Num emirado onde não há partidos políticos e muito menos oposição, o medo de dar a cara e o nome impera mas, à conversa, na companhia de um chá que custa pouco mais de 20 cêntimos de um euro, facilmente se chega à conclusão de como é difícil o dia-a-dia destas gentes, por vezes trabalhando a temperaturas próximas dos 50 graus. “Com o pouco que resta ao fim do mês, depois de enviado dinheiro para a família, cada um é obrigado a uma grande ginástica para gerir da melhor maneira uma verba que terá de cobrir as despesas com a alimentação, com o aluguer da casa, com os transportes e com o telemóvel. Para a maioria dos imigrantes, a vida no Qatar resume-se a trabalhar, a comer e a dormir”, admite, em voz baixa, Nasih Chatholi. “E muitos deles vivem em casas que abrigam mais de 20 pessoas”, acrescenta este imigrante indiano que assume uma expressão nostálgica quando evoco as paisagens de Kerala, no sul da Índia, de onde é natural. 

Longe das famílias, não tendo mais do que um ou dois amigos com quem conversar nas poucas horas livres que lhe são proporcionadas (e só eles sabem quantas horas perdem, ao início do dia ou ao final da tarde, no meio de um trânsito caótico), muitos destes imigrantes não sentiram dificuldade para se adaptarem à vida de Doha, principalmente aqueles que aqui trabalham há mais tempo.

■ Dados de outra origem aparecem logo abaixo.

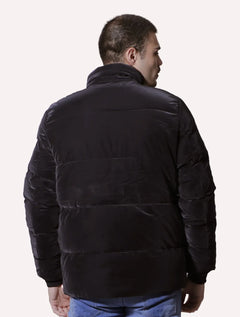 Jaqueta Victory Eagle Masculina Suede Puffer Preta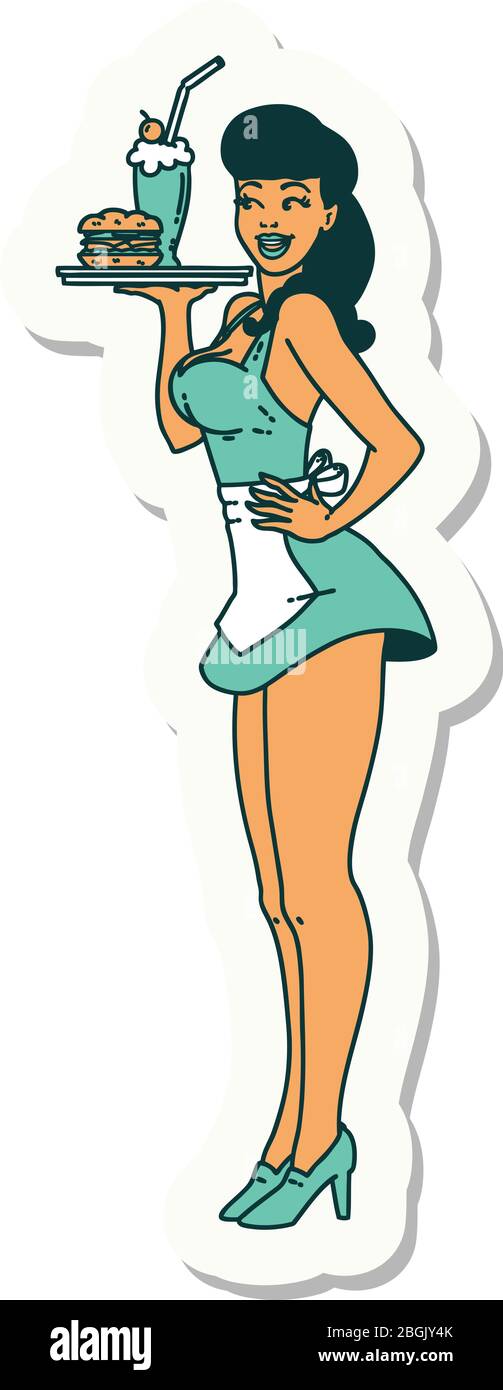 autocollant de tatouage dans le style traditionnel d'une fille de serveuse de brochage Illustration de Vecteur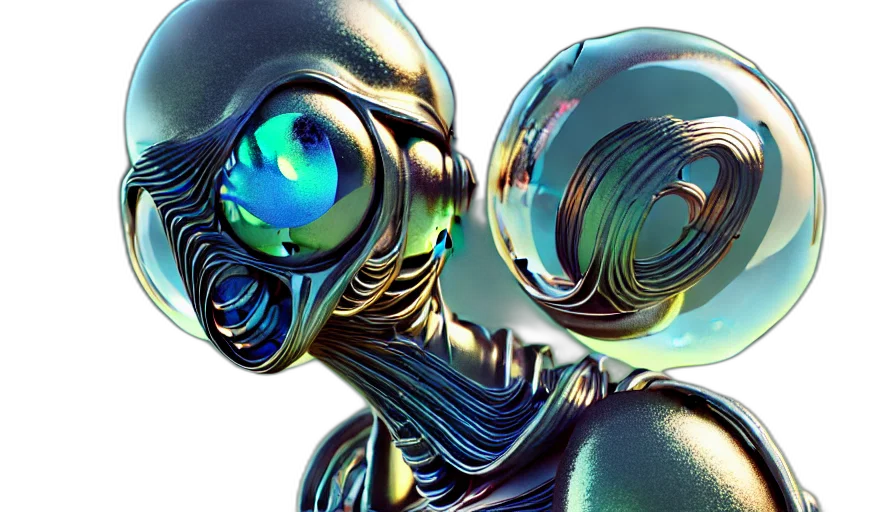 robot, mask, creature, 3d render, concept art, cyberpunk, comic book art, outer space transparent PNG cut-out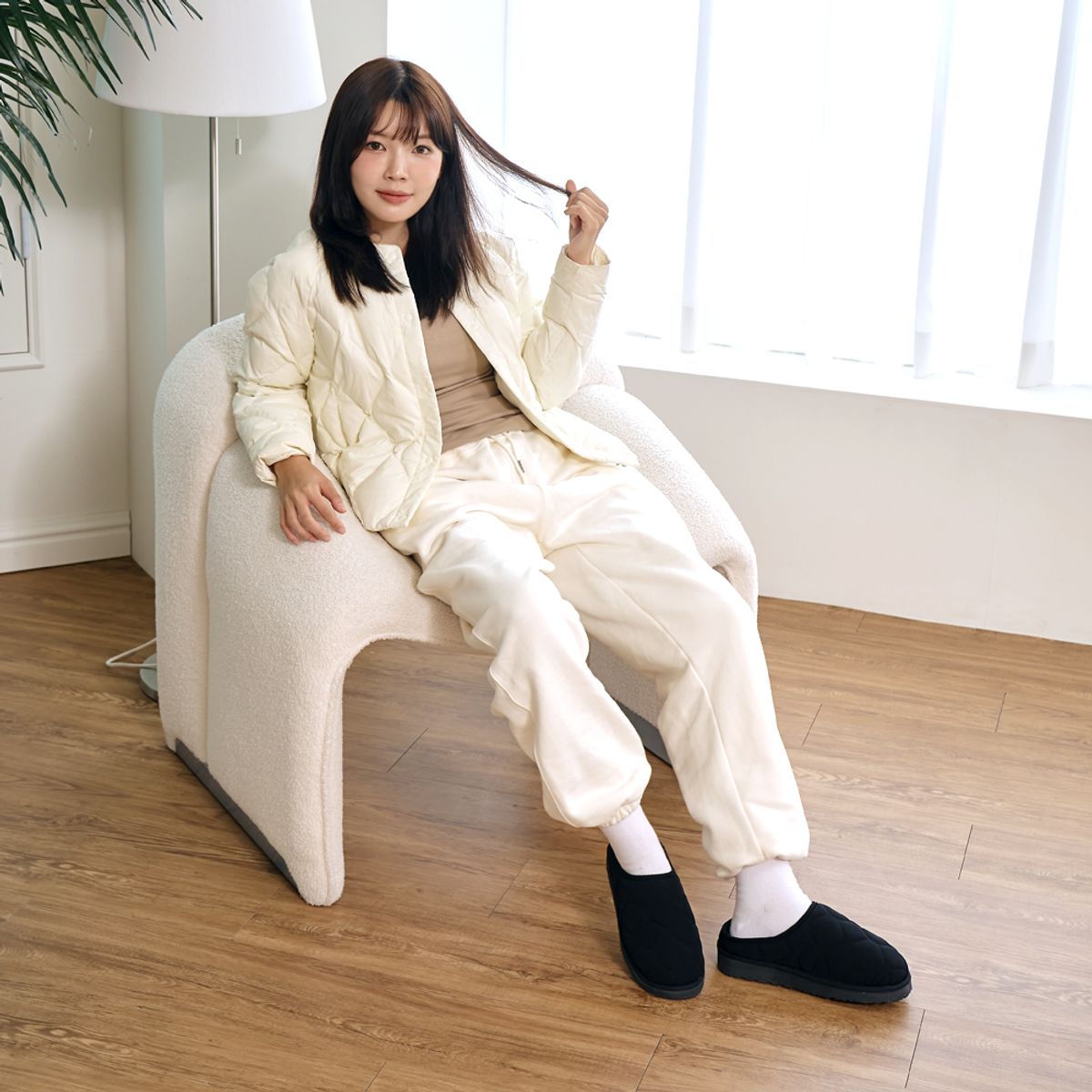 슈라모드(SLAMODE) 오웬 패딩 슬리퍼
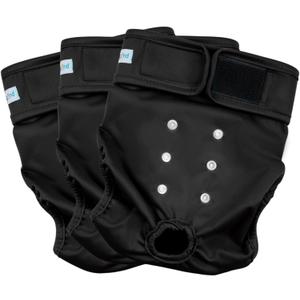 Paw Legend Washable Reusable Female Dog Period Diapers for Heat Doggie Puppy Diapers for Female Dogs (3 Pack, Large) (Large (17.5''-27'' Waist), Black (Black Lining))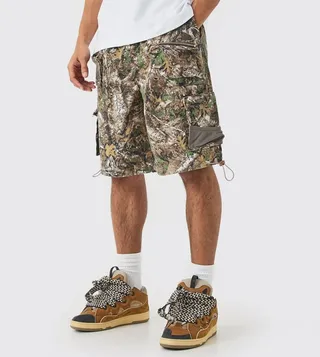 Forest Camo Elastic Waist Parachute Cargo Shorts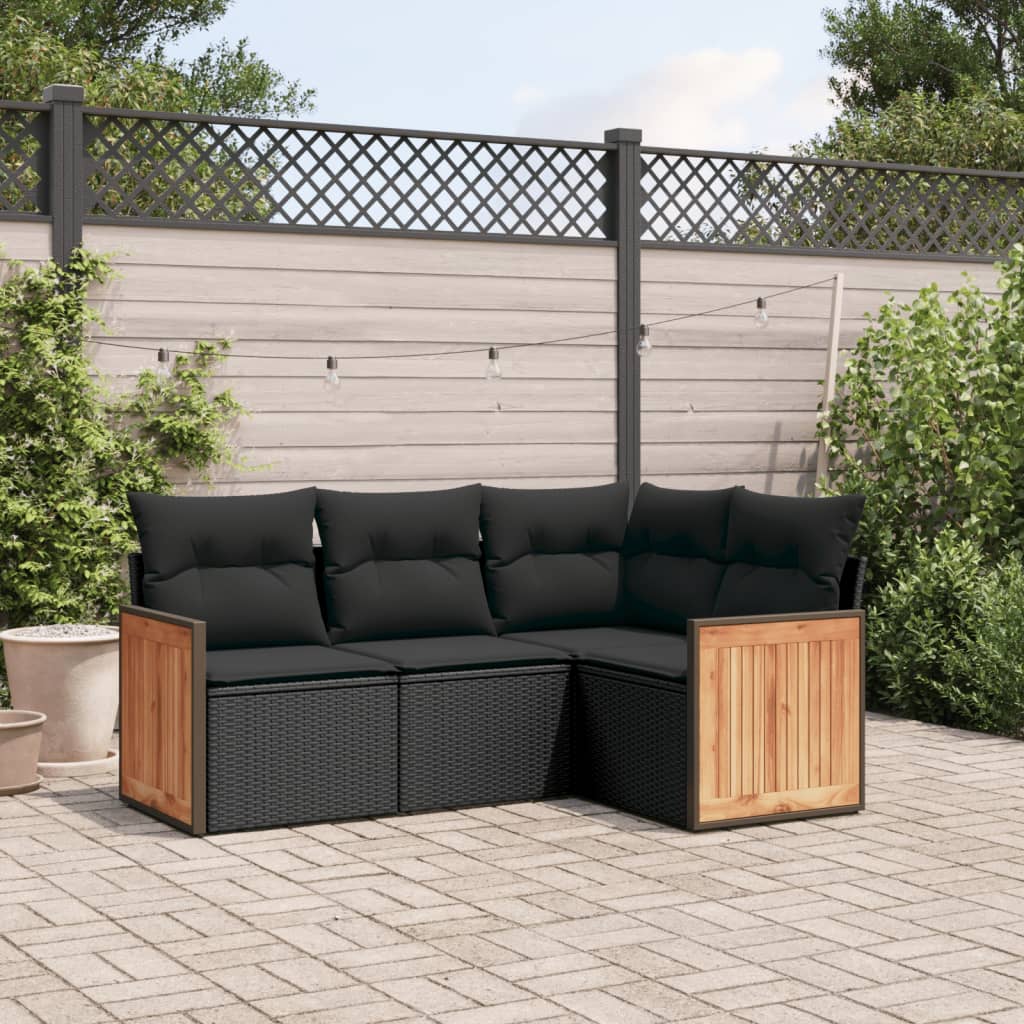 Set Canapele De Grădină, 4 Piese, Cu Perne, Bej, Poliratan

“Para quem, há 20 anos, chegava ao Qatar, vindo de cidades como Peshawar, Karachi, Cairo, Dhaka ou Thiruvananthapuram, Doha assemelhava-se a uma pequena cidade, com uma atmosfera, pelo menos em certas zonas, como Musherib, que não se diferenciava muito daquela com que estavam familiarizados, com as suas barbearias, os seus pequenos cafés, os restaurantes, os cheiros, todo um modo de vida que não provocava qualquer tipo de choque cultural nos recém-chegados. Naturalmente, sentiam saudades da mulher, dos filhos, da família e dos amigos mas o ambiente que os rodeava atenuava, de certa forma, esse sentimento e a distância”, enfatiza Nasih Chatholi.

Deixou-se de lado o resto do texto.